Wednesday, January 9, 2008

"Just Imagine" Pictures Life and Love 50 Years From Today (1930)

The September 14, 1930 Syracuse Herald (Syracuse, NY) ran a piece about the people of 1980 who may stumble upon the 1930 film Just Imagine. At the time this article was published the film had not yet been released. The entire article appears below.
Hollywood, Sept. 13. - New Yorkers of 50 years hence may draw down from the dusty shelves where forgotten movies rest a quaint roll of celluloid dated 1930 and labeled "Just Imagine," and gather en masse to ascertain what prophetic powers, if any, were possessed by a certain trio of gay song-showmen of our day, the Messrs, DeSylva, Brown and Henderson.

Should this transpire, that future audience will see a screen musical comedy conception, by 1930 prophets, of what their life, customs and dress would be.

Just how good a picture "Just Imagine" will be remains to be seen, but at present it stands out as the most unusual movie idea in Hollywood, one that has not been done before, and that is saying much.

Two or three pictures, true, have looked into the future for their settings, but none on so large a scale as this. "Just Imagine" is laid in New York in 1980.

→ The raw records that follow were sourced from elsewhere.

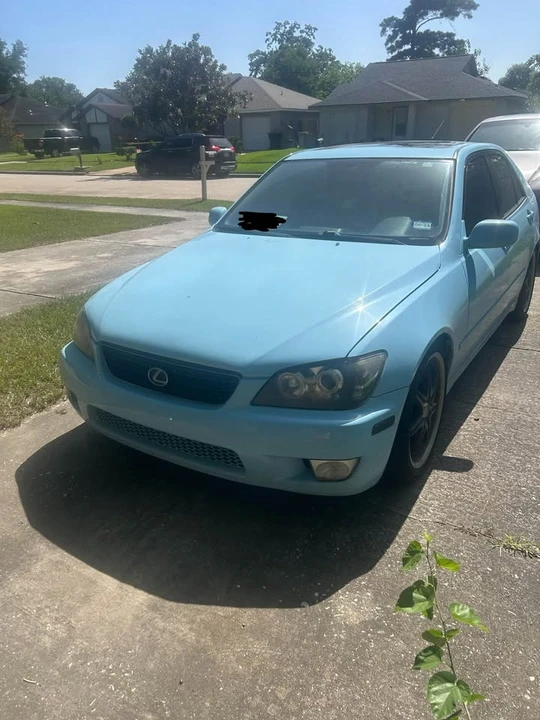 2002 Lexus IS 1st Gen - Image 2 of 7
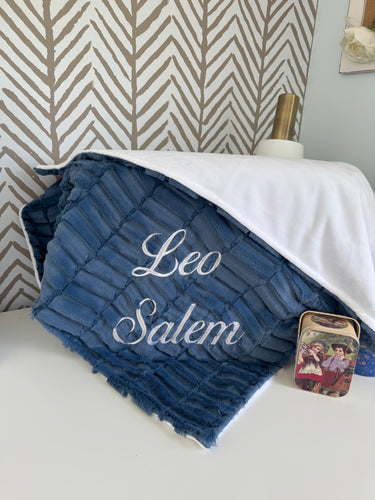 Denim Blue Oxford Flat White Back Blanket No Ruffle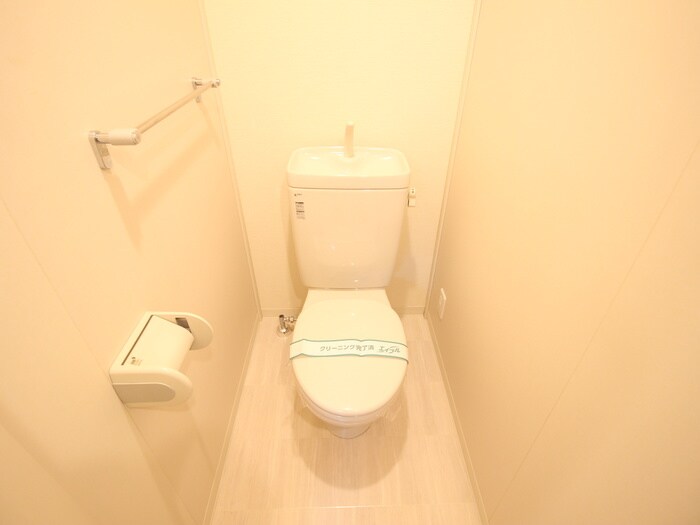 トイレ Ｂｅｎｅ川宮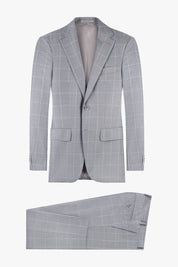 Un costume gris à carreaux, composé d'une veste et d'un pantalon assortis. La veste est cintrée avec des revers fins et des deux poches à rabat, tandis que le pantalon a une coupe droite traditionnelle.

Secrecy has surrounded work on the picture, and sets built to scale in a vast hangar miles from Hollywood were used to depict "a metropolis where traffic proceeds on many levels, where boats dock at the feet of 230-story skyscrapers, and aerial traffic has supplanted the automobile.

Science has achieved the miracle of reviving a Brooklynite (El Brendel) struck by lightning in 1930. Television long since has ceased to be a novelty, and people have numbers instead of names.

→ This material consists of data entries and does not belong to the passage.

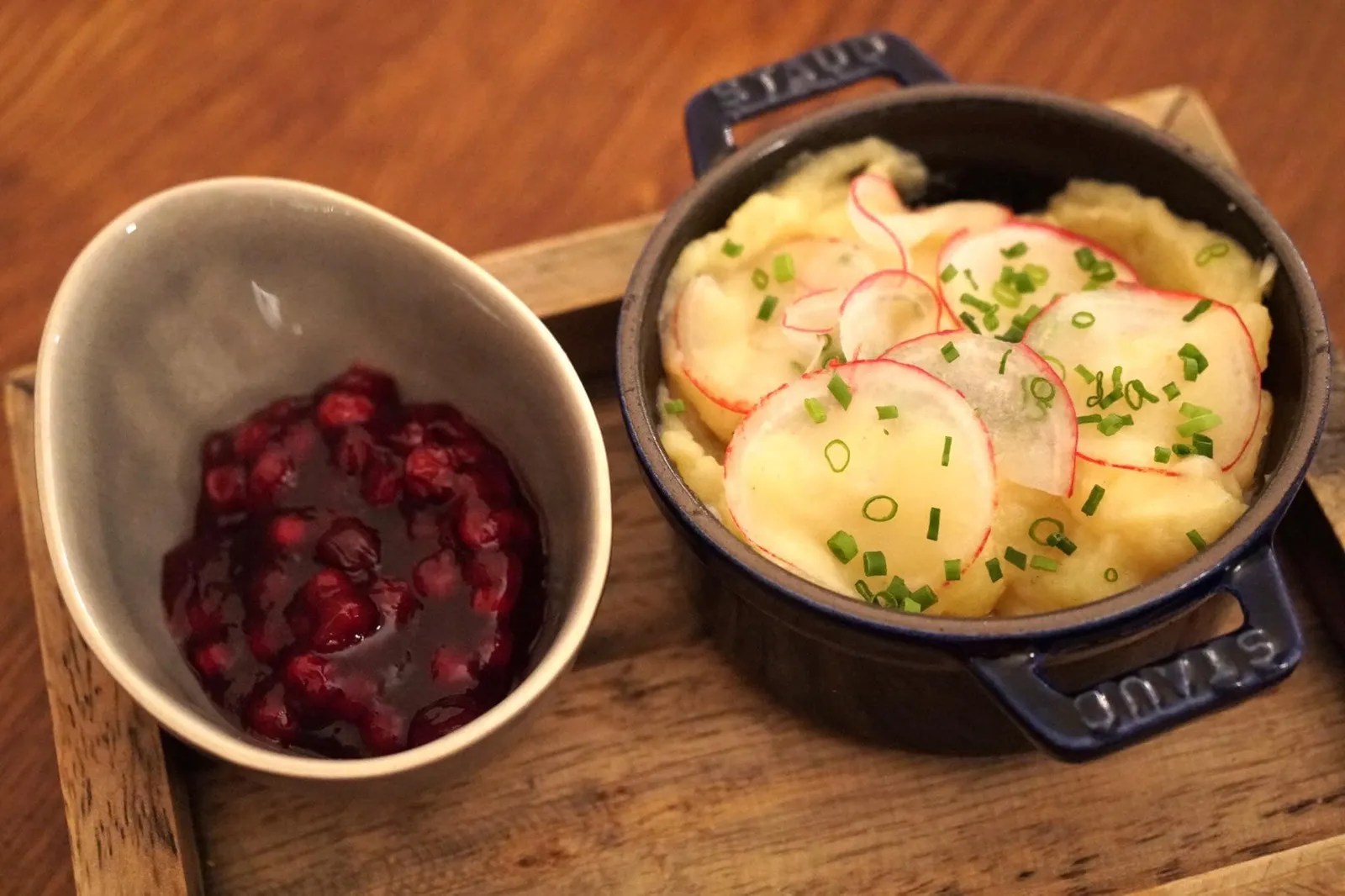 - Fried Veal Schnitzel in Butter (23.90 EUR)potato radish salad / cranberriesทานกับซอสแครนเบอรี่และสลัดมันฝรั่งและแรดิช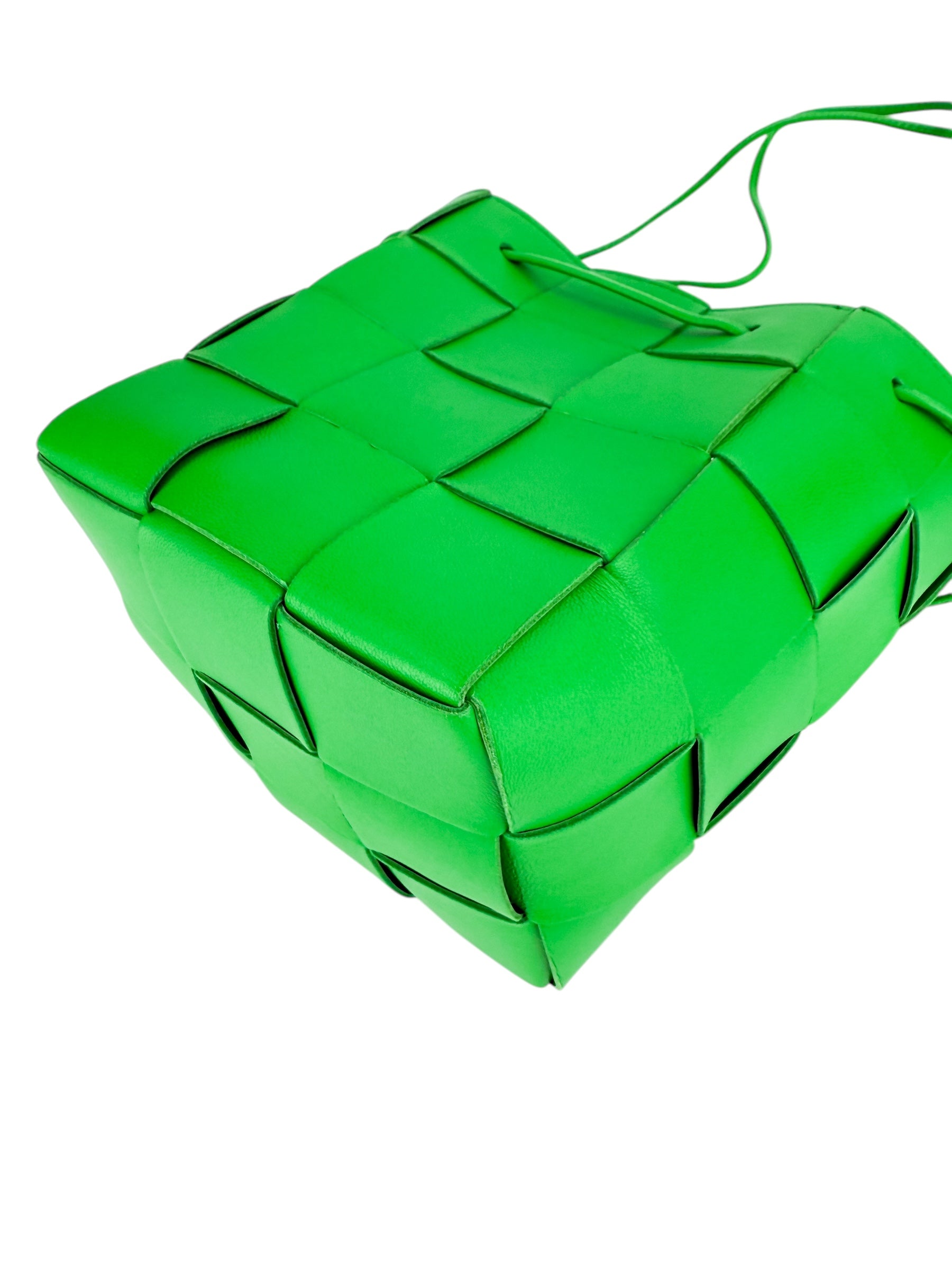 Bottega Veneta Nappa Maxi Intrecciato Small Cassette Bucket Bag Parakeet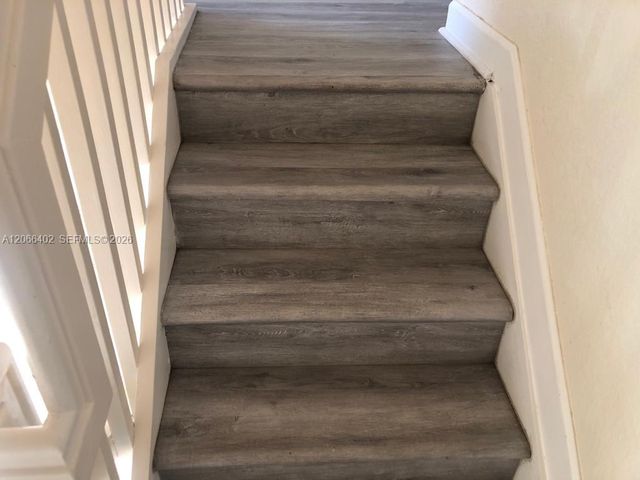 5598 NW 113th Avenue -, Doral, FL 33178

There is a marriage tribunal which confers a desired maiden on the most worthy of her suitors, and this supplies the plot.

The hero (John Garrick), an ocean air-liner pilot, loves Maureen O'Sullivan, but a newspaper publisher (Kenneth Thomson), wins the tribunal's approval.

Garrick, appealing his case, has four months in which to prove his superiority to Thomson - but what can he do? The act that made Lindbergh an international hero in 1927 is just a routine job to him.

Then a scientist offers him opportunity to be the first to fly to Mar, to become the Lindbergh of 1980. Of [unreadable] hectic adventures on the strange planet, to which he is accompanied by Frank Albertson (his friend) and Brendel, the stowaway.

"Just Imagine," say its authors, is not intended, of course, as serious prophecy, but as entertainment.

See also:
Just Imagine (1930)
Instant Baby Machine (1930)
Movie Trends of the 21st Century (1982)

4 comments:

JC said...

I don't suppose one of the characters was named Equality 7-2521?

Anonymous said...

The people of 1980 and beyond would completely misinterpret the first paragraph at first, let alone the rest of the artcle. Gay song-showmen, hee!

Unknown said...

The best part is this:

"[...] at present it stands out as the most unusual movie idea in Hollywood, one that has not been done before, and that is saying much."

So... in *1930* they were complaining about the repetitiveness and derivativeness of Hollywood movies, eh?

Considering that in 2007, 5 of the top ten grossing movies were sequels, and at least 5 were adaptations from other media (books, comics, TV series). Some of the sequels were *also* adaptations. There were only one or two genuinely new movies in the lot.

The more things change, eh?

Stacia said...

You'd be surprised how many movies in the '30s and '40s were already remakes of silents or early talkies. I don't think it's as bad as today, but it's notable.

"Just Imagine" gets very little right about 1980; if I recall, hand dryers in the bathroom were the only thing it got right. Beautiful scenery, though, I wish it was available on DVD.